Io credo che sia una situazione da coltivare. I talenti sono tanti e oggi produttori e distributori si confrontano appunto con un mercato internazionale. E questa è una cosa molto importante: ci sono co-produzioni, si lavora all’estero, si va nei festival. Quasi appariamo più all’estero! Veniamo riconosciuti più al di fuori, come ad esempio nel caso di Lazzaro Felice, ovunque ritenuto un grandissimo film. Il mercato è limitato, ma abbiamo talenti. Talenti che comunque vengono riconosciuti. Poi ci sono talmente tante cose da fare che è molto difficile: bisogna lavorare sul piano della comunicazione, del marketing. Certamente bisogna lavorare sul discorso “sala”, perché oggi non puoi non fare i conti con la piattaforma. Vanno gestite le finestre: il discorso fondamentale è gestire e regolamentare le finestre di uscita. Bisogna guardare con uno sguardo aperto e innovativo; di sicuro abbiamo bisogno di lavorare molto in maniera contemporanea su questi temi.

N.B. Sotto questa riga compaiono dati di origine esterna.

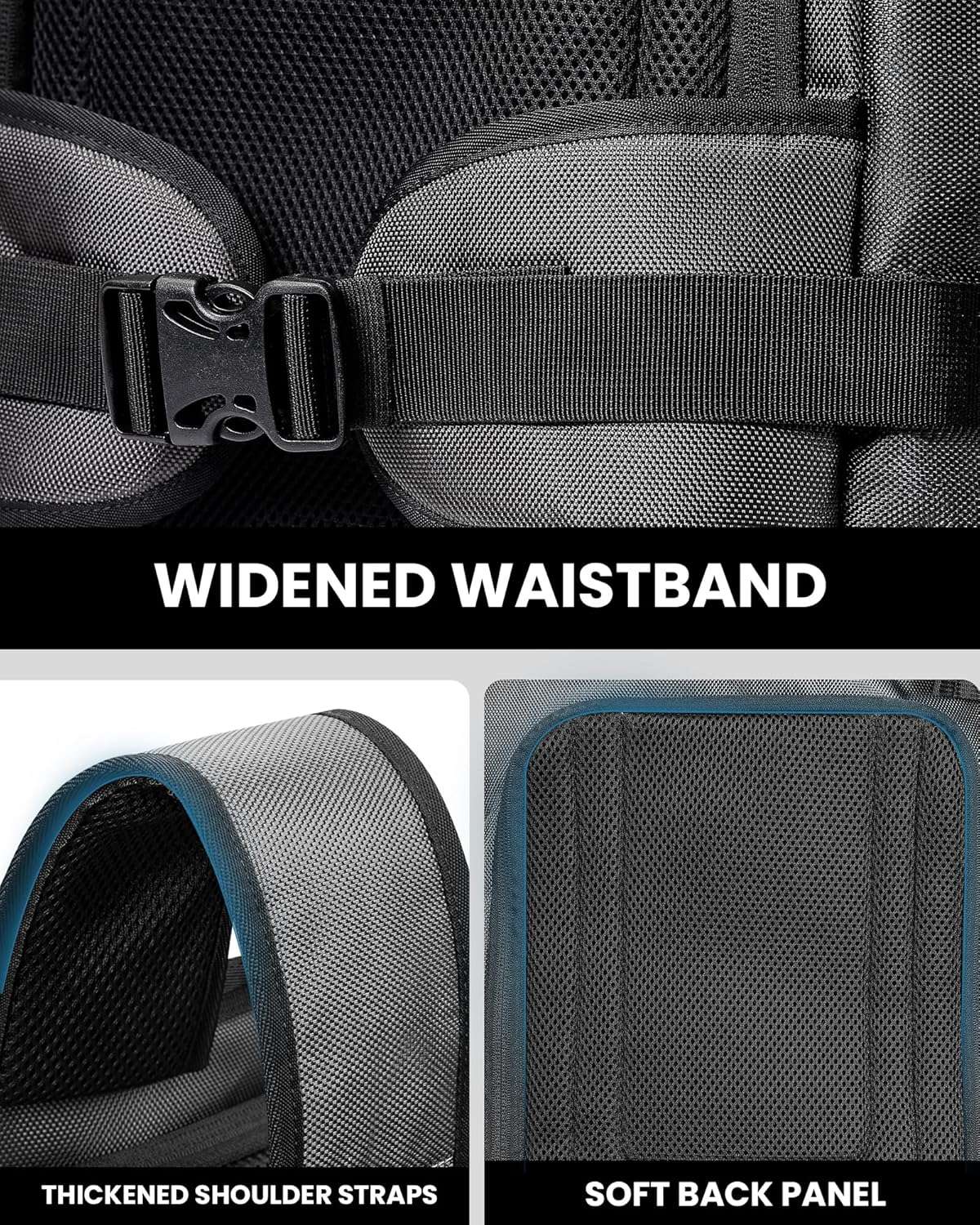 OutdoorMaster Ski Boot Bag, 65L Snowboard Boots Travel Backpack for Helmet, Ski Shoes, Goggles, Gloves and Accessories, Waterproof Exterior & Bottom - 5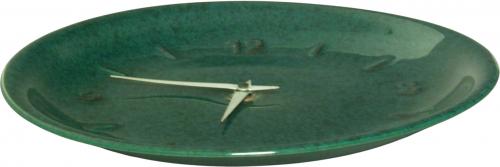 Wanduhr grün Sprenkel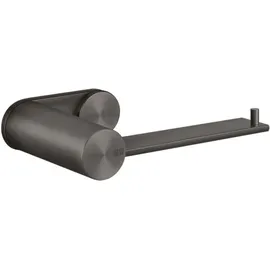 GESSI WC-Papierrollenhalter oder Ersatzrollenhalter zur Wandmontage senkrecht/waagerecht, 54749707, Farbe: Metall Schwarz gebürstet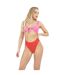 Brave Soul Womens/Ladies Two Tone Swim Suit (Red/Pink) - UTUT271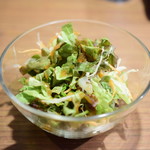 札幌ドミニカ - 【特選野菜カリー+ハンバーグ@税込1,400円】サラダ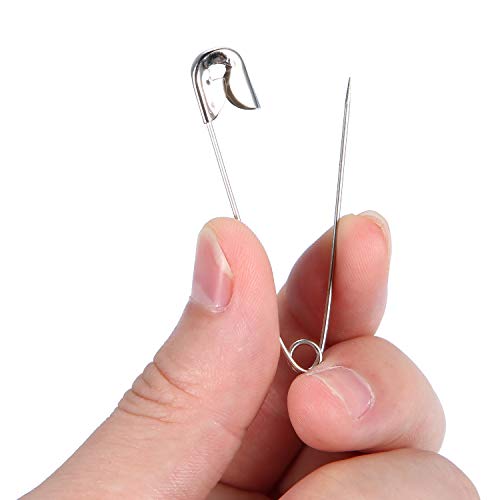 Officepal 200-Piece Safety Pins, Size 4, 2.17 inch/ 55mm, Durable - Image 3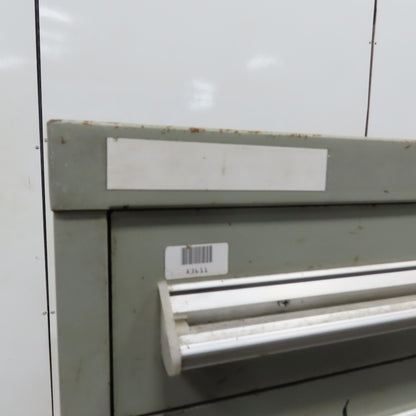 Stanley Vidmar 7 Drawer Small Parts Tools Storage Shop Cabinet 22.5" x 28" x 59"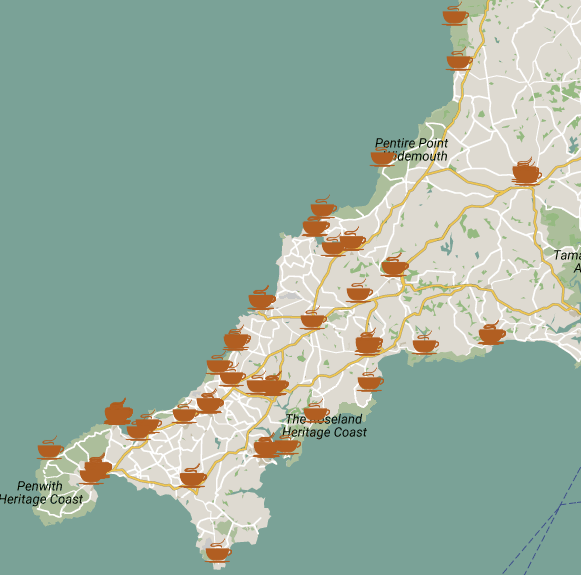 Cornwall coffee shops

Come si sta evolvendo il mestiere di critico cinematografico alla luce della crisi della carta stampa e del proliferare di piattaforme online più veloci e accessibili? L’immediatezza dell’online, la rapidità di accesso hanno fatto diventare tutti critici?

Anche prima succedeva questo, lo diceva persino Truffaut. Oggi ognuno è critico col suo cellulare in mano, quindi è molto difficile definire la linea di confine. Siamo in un’epoca in cui ognuno tende ad essere protagonista, a raccontare la propria storia, ad affermare la propria visione. A me personalmente questa cosa confonde molto. Io, ad esempio, uso moderatamente i social, Facebook in particolare. D’altro canto, però, questi nuovi canali sono uno strumento interessante: dal punto di vista della critica non c’è una vera differenza fra cartaceo e sito online, ma la consultazione rapida, la gratuità dell’approccio sono sicuramente la grande novità. In realtà anche nei siti ritrovo una formazione, una costruzione, una scuola. Certamente oggi, fatta eccezione per i pochi grandi nomi, la situazione è molto disseminata. Una cosa però è certa: so che oggi la tempestività vale di più dell’approfondimento, so che oggi il tweet viene più richiesto della recensione, e questo capita anche a me. Non so quanto faccia bene alla riflessione. Ma certamente capisco che questo è il modo di oggi di comunicare, e che se vieni da una formazione diversa devi cercare di bilanciare le due cose.

C’è qualcosa di davvero importante che si sente di estendere alla new wave digitale?

Io credo che per me e per la mia generazione la carta stampata garantiva autorevolezza, ma anche permanenza. I social, il digitale… mi sembrano un mondo dove molto passa. Tutto è accessibile, è vero, ma è un magma. E in questo io ad esempio sento di avere il bisogno di una guida, di qualcuno di autorevole. E penso che come me, tutti debbano cercare una guida.

L’evento Le Notti d’Oro, si concluderà venerdì 14 giugno.